After the plugin completes successfully, finalizeCacheAfterExecution handles writing the task outputs back to the Catalog and releasing any held reservations. If the task failed or was aborted, it ensures that reservations are released so other workers can attempt the task.

5. Status Updates and Event Emission

The reconciler persists the new state to the Kubernetes API and emits an ActionEvent to the Flyte control plane via the eventsClient. It uses retry.RetryOnConflict to handle optimistic locking issues when multiple reconciliation loops attempt to update the same resource.

Error Handling and Retries

Flyte distinguishes between two types of failures: system errors and user errors.

System Failures

System failures are transient issues (e.g., network blips, K8s API timeouts) that are not the fault of the user's code. The reconciler tracks these in Status.SystemFailures.

  • Threshold: The reconciler allows up to MaxSystemFailures (default 3, configured via DefaultMaxSystemFailures).
  • Reset: If a system error occurs, the reconciler calls resetPluginResource, which invokes the plugin's Abort method and clears the PluginState to ensure the next attempt starts fresh.
  • Permanent Failure: If the threshold is exceeded, the task is moved to PermanentFailure with the code MaxSystemFailuresExceeded.

User Retries (In-place Restarts)

When a plugin reports a PhaseRetryableFailure of kind USER, the reconciler performs an "in-place" restart if the maximum number of attempts has not been reached.

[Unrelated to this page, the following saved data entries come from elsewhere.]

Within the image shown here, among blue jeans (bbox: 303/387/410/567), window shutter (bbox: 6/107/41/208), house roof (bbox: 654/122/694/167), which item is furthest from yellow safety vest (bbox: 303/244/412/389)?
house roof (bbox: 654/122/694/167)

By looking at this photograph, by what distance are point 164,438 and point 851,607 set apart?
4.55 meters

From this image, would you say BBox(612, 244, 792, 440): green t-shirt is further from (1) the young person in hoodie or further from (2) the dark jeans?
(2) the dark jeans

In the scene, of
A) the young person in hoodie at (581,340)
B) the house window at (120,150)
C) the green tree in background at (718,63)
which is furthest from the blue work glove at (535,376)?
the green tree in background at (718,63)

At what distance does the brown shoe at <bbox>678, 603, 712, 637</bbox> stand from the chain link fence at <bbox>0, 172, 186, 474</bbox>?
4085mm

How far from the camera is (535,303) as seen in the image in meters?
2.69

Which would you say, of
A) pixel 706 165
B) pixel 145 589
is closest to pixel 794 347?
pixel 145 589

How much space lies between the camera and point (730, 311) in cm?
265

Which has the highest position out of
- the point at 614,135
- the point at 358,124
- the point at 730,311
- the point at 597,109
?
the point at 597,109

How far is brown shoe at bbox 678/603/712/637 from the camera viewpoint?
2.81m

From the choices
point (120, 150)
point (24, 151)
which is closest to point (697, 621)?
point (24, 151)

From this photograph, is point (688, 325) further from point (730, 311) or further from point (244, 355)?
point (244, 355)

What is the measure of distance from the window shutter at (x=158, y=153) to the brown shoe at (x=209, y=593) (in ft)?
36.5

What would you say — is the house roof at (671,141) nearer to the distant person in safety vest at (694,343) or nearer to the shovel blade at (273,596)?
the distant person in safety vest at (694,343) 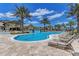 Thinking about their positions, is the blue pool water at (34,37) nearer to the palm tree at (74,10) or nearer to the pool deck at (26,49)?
the pool deck at (26,49)

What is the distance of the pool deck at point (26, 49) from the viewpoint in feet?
8.34

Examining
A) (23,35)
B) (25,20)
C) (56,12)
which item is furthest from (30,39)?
(56,12)

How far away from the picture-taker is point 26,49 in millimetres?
2559

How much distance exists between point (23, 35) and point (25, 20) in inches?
8.1

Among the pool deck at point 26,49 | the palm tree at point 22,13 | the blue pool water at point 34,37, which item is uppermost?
the palm tree at point 22,13

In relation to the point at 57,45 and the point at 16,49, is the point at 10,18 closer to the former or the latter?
the point at 16,49

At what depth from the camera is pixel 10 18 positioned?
256cm

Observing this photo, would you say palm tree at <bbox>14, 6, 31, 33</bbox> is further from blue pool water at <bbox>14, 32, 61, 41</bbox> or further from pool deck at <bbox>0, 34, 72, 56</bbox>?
pool deck at <bbox>0, 34, 72, 56</bbox>

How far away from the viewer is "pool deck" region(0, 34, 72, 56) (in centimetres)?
254

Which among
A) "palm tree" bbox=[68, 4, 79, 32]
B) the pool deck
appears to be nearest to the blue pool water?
the pool deck

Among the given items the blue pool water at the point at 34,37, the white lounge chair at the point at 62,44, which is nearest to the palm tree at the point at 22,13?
the blue pool water at the point at 34,37

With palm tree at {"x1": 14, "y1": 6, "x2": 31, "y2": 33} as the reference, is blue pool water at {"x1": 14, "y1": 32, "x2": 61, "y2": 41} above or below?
below

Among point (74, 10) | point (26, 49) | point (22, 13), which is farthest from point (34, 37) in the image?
point (74, 10)

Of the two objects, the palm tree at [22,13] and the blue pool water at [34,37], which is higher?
the palm tree at [22,13] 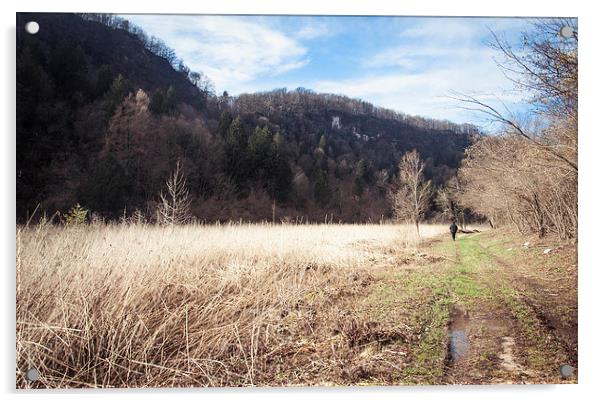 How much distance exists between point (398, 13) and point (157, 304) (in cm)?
322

  1. The current resource (e.g., a Pod) is aborted via p.Abort.
  2. Status.Attempts is incremented.
  3. Status.PluginState is cleared.
  4. The task is transitioned back to PhaseQueued to be picked up in the next reconciliation cycle.

Finalization and Resource Cleanup

The reconciler uses a finalizer (flyte.org/plugin-finalizer) to ensure that external resources are cleaned up when a TaskAction is deleted. When the DeletionTimestamp is set, handleAbortAndFinalize is called:

  1. It invokes p.Abort to stop any in-flight execution.
  2. It invokes p.Finalize to allow the plugin to perform any necessary cleanup.
  3. It releases any held cache reservations.
  4. It emits an Aborted event to the control plane.
  5. Finally, it removes the finalizer to allow Kubernetes to delete the CRD.

Observability and Metrics

The taskActionMetrics class (in executor/pkg/controller/metrics.go) provides OpenTelemetry instrumentation for the controller.

Efficient Phase Counting

To avoid the overhead of deep-copying every TaskAction CRD during metric collection, the reconciler uses a cachedPhaseCounter. This function accesses the controller-runtime informer cache's indexer directly, performing an $O(N)$ pointer read instead of full-object copies.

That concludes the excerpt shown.